Just like DALL-E's images, the results are always "fake," but usually pretty convincing, and sometimes accurate enough to be useful.
posted by Ryon at 11:45 AM on April 3, 2023 [5 favorites]


Response by poster: @Ryon:
Thanks--that's a very helpful clarification. Relatedly, if someone asks "write xyz in the style of ABC..", does ABC have to be something a human programmed the AI to mimic or can it develop its own rules for a certain style based on its training material? (If so, in the example I gave, would it just seek out references to "mean girls" and then do its best to mimic their speech patterns using the specific topic?)
posted by Jon44 at 11:56 AM on April 3, 2023


From what I understand, humans have not programmed it to mimic any particular style, other than the fine-tuning that gives it the default sort of bland assistant "personality," and conversely to discourage controversial or harmful language. When you ask it to sound like a mean girl, it just free-associates, as it always does, based on the phrase itself. In the countless pages of source material it has distilled into a model, it has seen the words "mean girls" and the sorts of words that come next, thus it's capable of producing something similar.

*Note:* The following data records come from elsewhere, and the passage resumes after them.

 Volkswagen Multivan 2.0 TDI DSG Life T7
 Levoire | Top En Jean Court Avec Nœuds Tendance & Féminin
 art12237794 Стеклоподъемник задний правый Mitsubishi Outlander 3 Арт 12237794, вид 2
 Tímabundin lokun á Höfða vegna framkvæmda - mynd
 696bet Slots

Again, it doesn't seek out or reference anything, it just uses a fixed statistical model of what "human text" looks like to predict words that complete the prompt in a way that might elicit a thumbs up from a human. The model is just so vast and complicated that it's hard for us to imagine something like that actually working as well as it does, so our brain makes a little jump into "it knows x" and "it thinks y." Even in my previous post, I used the word "know" even though it doesn't "know" anything, because that's just how we're used to talking about things that can produce language.
posted by Ryon at 12:21 PM on April 3, 2023 [3 favorites]


I have seen Chat GPT make up an article "by" my dissertation chair that did not exist.
posted by joycehealy at 2:13 PM on April 3, 2023


These arguments against using ChatGPT for your use case are specific to ChatGPT. Microsoft's Bing bot and Google's Bard bot both cite their sources, so you can double-check the facts.
posted by acridrabbit at 2:20 PM on April 3, 2023 [2 favorites]

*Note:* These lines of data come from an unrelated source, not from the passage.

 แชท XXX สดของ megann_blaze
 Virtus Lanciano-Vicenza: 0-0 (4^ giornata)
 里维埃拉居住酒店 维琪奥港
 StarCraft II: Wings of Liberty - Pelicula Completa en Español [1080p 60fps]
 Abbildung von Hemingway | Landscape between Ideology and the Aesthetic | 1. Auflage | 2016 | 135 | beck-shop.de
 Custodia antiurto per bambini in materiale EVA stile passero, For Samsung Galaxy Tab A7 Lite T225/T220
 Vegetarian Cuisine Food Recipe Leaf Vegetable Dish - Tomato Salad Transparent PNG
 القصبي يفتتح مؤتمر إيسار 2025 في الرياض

> Do you know for sure that ChatGPT has no validation process for objective facts or that, if it does, it can't be considered reliable?

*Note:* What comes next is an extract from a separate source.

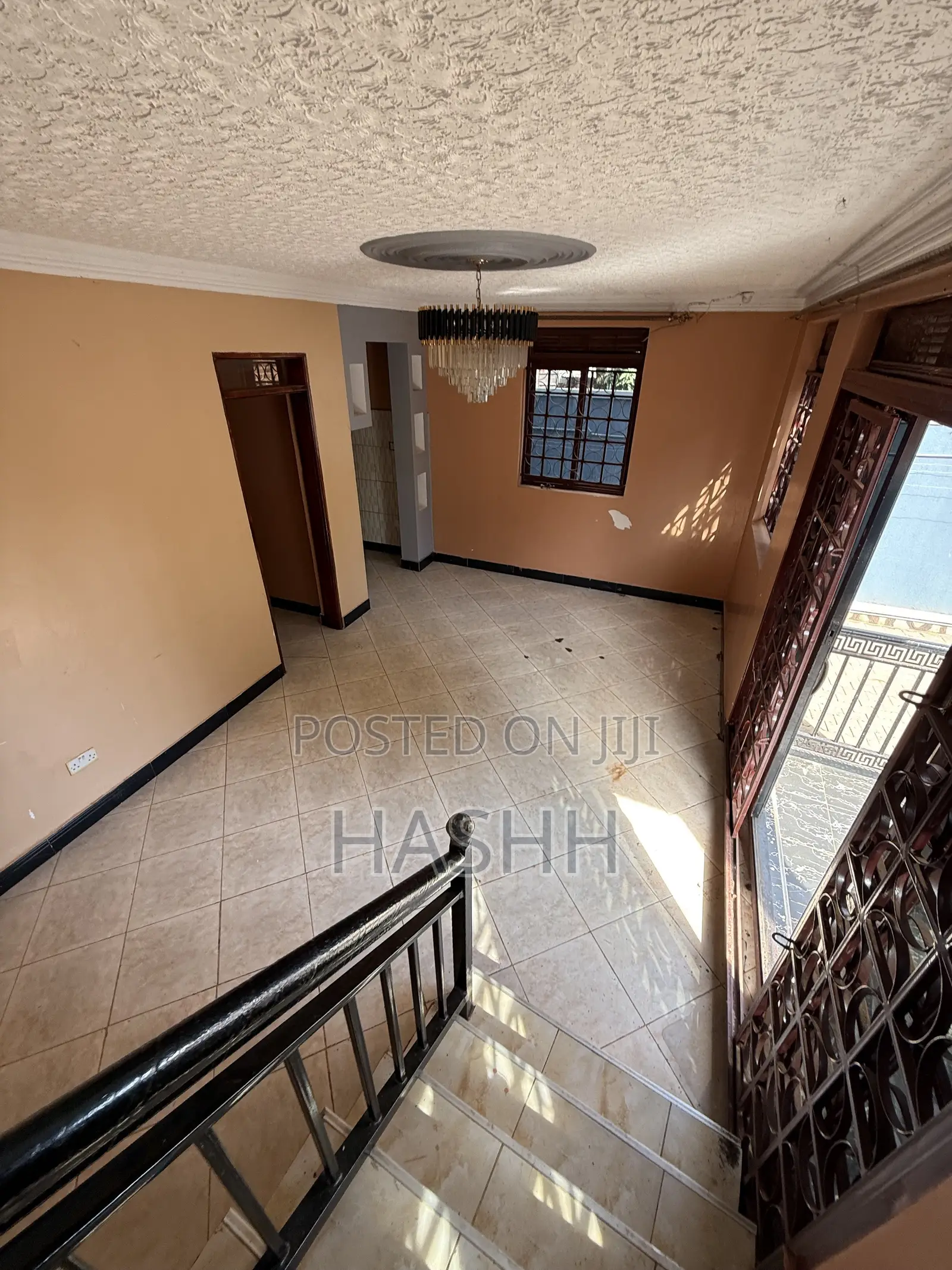 3bdrm House in Busabala, Central Division for rent in Central Division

Jay T. Cullen @JayTCullen: This is what #ChatGPT knows about me. It was nice knowing you all
Jay Cullen was a Canadian oceanographer and professor at the University of Victoria in British Columbia, Canada. He was a leading expert in the field of marine chemistry and ocean acidification, and was particularly known for his research on the impact of human activities on the ocean's chemistry and ecology.

Tragically, Jay Cullen passed away on June 2017 while on a research expedition aboard the Canadian Coast Guard Ship John P. Tully in the Pacific Ocean.
posted by sebastienbailard at 1:20 AM on April 4, 2023 [1 favorite]


Think of ChatGPT as a professional bullshitter, like those smarmy consultant stereotypes. It's great at making up a lot of words that kinda make sense and sound good together, but it doesn't do well with facts, just like 99% of professional bullshitters.

I'm using for tasks like "expand these 3 bullet points into 3 pages of business English to satisfy the minimum-word-count requirement for this task", or "transform this table [that I paste into the chat] into a list of bullet points and write a short description of each one in Spanish", or "summarize the following word salad into one page of bullet points".

So yes, it can help you, and no you absolutely should not rely on it.

(To use your example: I would ask it to summarize an in-depth report on the conflict if I could provide the report as a starting point, but I would definitely not ask it to just produce something out of thin air.)
posted by gakiko at 4:35 AM on April 4, 2023 [2 favorites]


For an excellent look at CHAT GPT with a brilliant and kind man, see Sam Parr and Shaan Puri's discussion with HubSpot co-founder Dharmesh Shah.

Shah uses a great term, "prompt engineering," which describes the art of crafting beneficial queries to feed CHAT GPT, which take into account its limitations.